Nous sommes nombreux à nous réjouir que cette question de la fin de vie et du droit des malades arrive enfin dans notre commission, après les multiples évaluations des lois précédentes, après les tergiversations des mandats passés, après plus de trois ans d'un groupe d'études très suivi et ayant effectué beaucoup d'auditions afin de combler quelques lacunes dans les textes antérieurs. En ce moment, il est plus impérieux que jamais de développer en même temps les soins palliatifs et l'aide active à mourir, et surtout l'écoute attentive des malades en fin de vie. La pandémie de covid‑19 a révélé à tous les Français les problèmes non résolus des conditions de fin de vie, en dépit d'un dévouement exceptionnel et sans faille des professionnels en charge des patients.
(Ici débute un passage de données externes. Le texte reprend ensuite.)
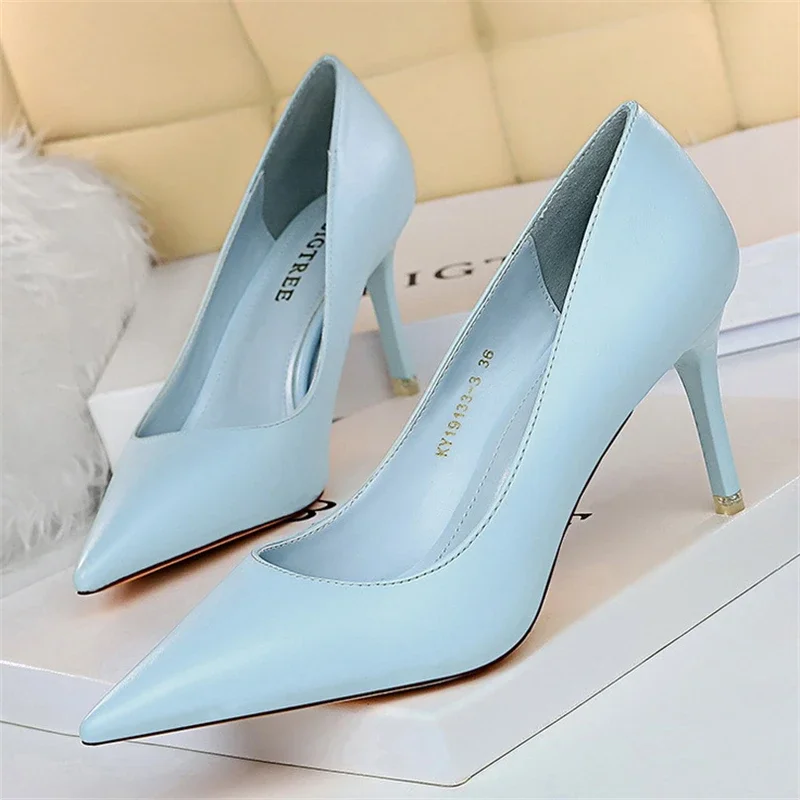 BIGTREE 2027 New Spring Shoes Pumps Women Sexy Single Grain Pointed Toe Stripper Heels Party Dress Female Sandals Stiletto Mujer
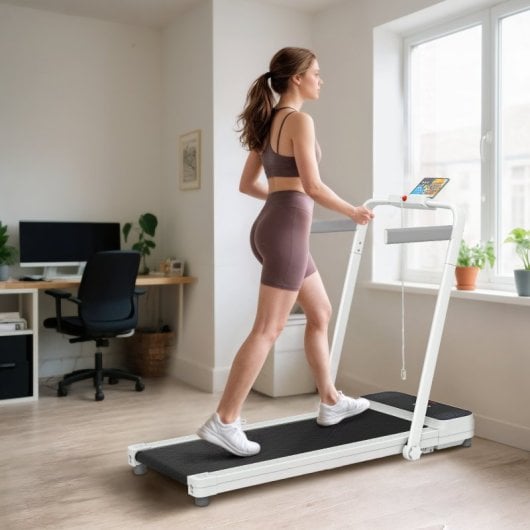 Sportnow Cinta De Correr Plegable Inclinado Con 2.5hp 0-12 Km/h Pantalla Led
C'est une loi visant à garantir le droit des malades : droit à attendre la fin naturelle plutôt que de subir des euthanasies clandestines, sans avoir été consultés ; droit à être dispensé d'agonie pour ceux qui récusent les souffrances de cette phase ultime. Je précise que ce droit n'impose à aucun malade ni à aucun médecin un choix qui n'est pas le sien. Au contraire, il offre la liberté de choix à tous. Chacun sait bien qu'avec l'aide active à mourir aucun médecin ne tue un malade. Comme l'écrivaient Anne Bert et Chantal Sébire, c'est la maladie qui nous tue, pas le médecin, pas le juste qui apporte un geste d'amour, de compassion qui humanise l'agonie.
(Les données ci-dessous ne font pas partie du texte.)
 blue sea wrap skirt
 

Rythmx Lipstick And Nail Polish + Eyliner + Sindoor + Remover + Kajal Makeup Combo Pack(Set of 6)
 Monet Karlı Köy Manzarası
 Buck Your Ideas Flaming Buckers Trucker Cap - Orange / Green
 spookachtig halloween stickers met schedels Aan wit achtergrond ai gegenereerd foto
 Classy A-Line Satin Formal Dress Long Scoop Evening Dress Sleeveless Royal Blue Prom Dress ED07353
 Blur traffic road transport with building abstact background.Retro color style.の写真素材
J'ai conscience que certains d'entre nous, hostiles à ce progrès, proposent une fois encore de s'adonner à la procrastination, invoquant la nécessité d'évaluer les textes antérieurs. Je respecte parfaitement la diversité des opinions, surtout sur un tel sujet, éminemment personnel et relevant de convictions intimes, mais cet argument ne peut pas être entendu. Jamais loi n'a été autant évaluée que la loi Claeys‑Leonetti, qui confortait le décret Fillon de janvier 2010. L'IGAS l'a évaluée, le CESE a effectué une évaluation très complète et poussée, suivie d'un excellent rapport. Plusieurs études ont été conduites par le CNSPFV. Une loi peu appliquée est habituellement une loi peu applicable. Tout va dans le sens de l'urgence de la compléter.
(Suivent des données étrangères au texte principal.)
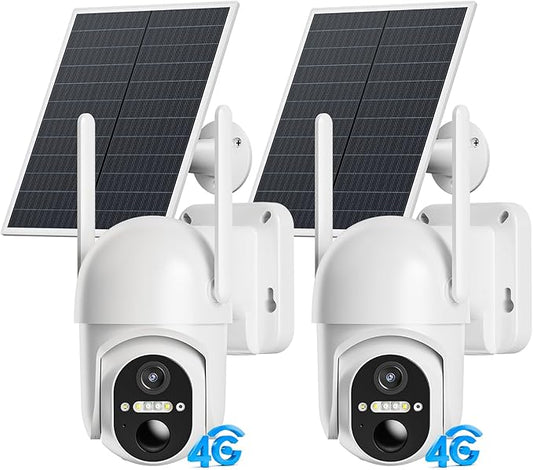 4G LTE Cellular Security Cameras Outdoor, 2 Pack No WiFi Security Camera Solar Powered with 360° View, 2K Color Night Vision, Includes SIM Card(Support Verizon/AT&T/T-Mobile)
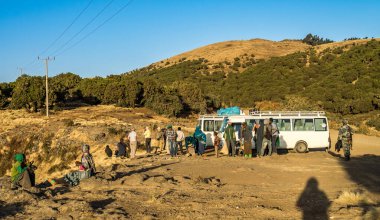 Simien Dağları, Etiyopya - Şubat 07, 2020: Etiyopya 'daki Simien Dağları Ulusal Parkı' ndaki Etiyopya halkı. Afrika.
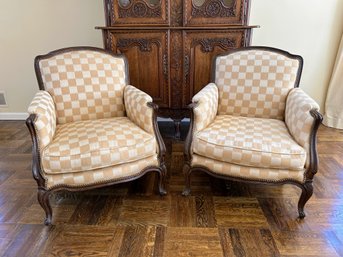 Pair Of Occasional Chairs With Nailhead Detail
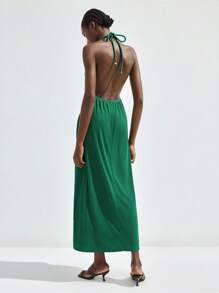Maija Robe d'été 2025 nouvelle avec décoration de perles en métal, dos noué. Robe décontractée chic et élégante, polyvalente, pour plage, vacances, ville, soirées, brunch, bureau, graduation, festival de St. John - Vert - Voir 4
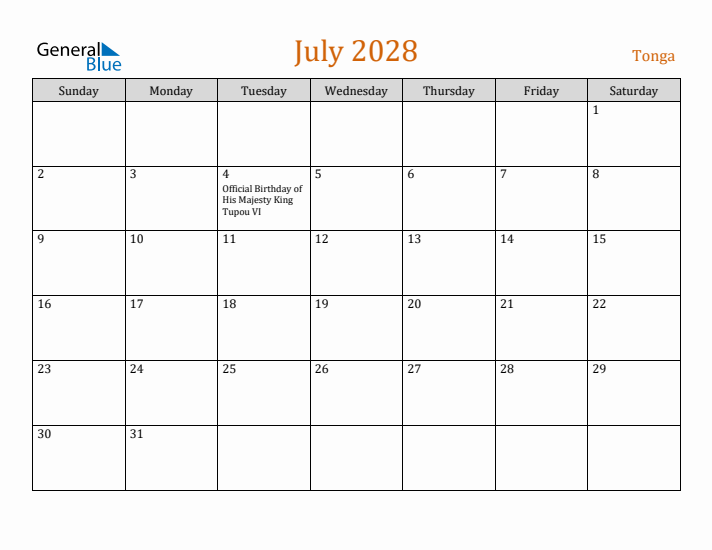 July 2028 Holiday Calendar with Sunday Start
Surtout, les Français l'ont évaluée. Nombreux sont ceux qui se rendent chaque année dans les divers pays limitrophes qui nous ont précédés dans ce progrès. Inversement, aucun habitant de ces pays ne vient terminer sa vie en France, où les insuffisances n'ont pas encore été corrigées. Mes chers collègues, entendons la demande des Français. Ne nommons pas encore une commission pour enterrer le problème, comme le disait Clemenceau. Le général de Gaulle rappelait en 1963 que l'essentiel n'était pas ce que pensaient le comité Gustave, le comité Théodule ou le comité Hippolyte, mais ce qui était utile au peuple français.